-- Description of the task --
Nothing but the lines from the one containing "So here's an" through the one containing "In this way, Gmail", both included, should be given again, each exactly as written below.

-- Extracted data --
******************************

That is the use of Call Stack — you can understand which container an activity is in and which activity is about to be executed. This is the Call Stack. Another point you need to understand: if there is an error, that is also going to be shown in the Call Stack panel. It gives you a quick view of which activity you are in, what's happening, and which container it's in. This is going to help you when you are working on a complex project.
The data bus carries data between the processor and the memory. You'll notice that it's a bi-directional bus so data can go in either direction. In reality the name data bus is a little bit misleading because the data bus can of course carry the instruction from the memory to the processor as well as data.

******************************

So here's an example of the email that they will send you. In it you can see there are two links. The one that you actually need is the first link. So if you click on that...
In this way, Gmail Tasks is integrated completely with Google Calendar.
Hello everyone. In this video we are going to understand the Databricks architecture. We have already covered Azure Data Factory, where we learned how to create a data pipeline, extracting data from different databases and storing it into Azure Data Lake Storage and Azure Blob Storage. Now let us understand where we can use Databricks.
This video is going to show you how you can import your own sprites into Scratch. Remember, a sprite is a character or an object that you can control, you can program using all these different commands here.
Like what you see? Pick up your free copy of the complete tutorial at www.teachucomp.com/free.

******************************

-- Solution to this problem --
So here's an example of the email that they will send you. In it you can see there are two links. The one that you actually need is the first link. So if you click on that...
In this way, Gmail Tasks is integrated completely with Google Calendar.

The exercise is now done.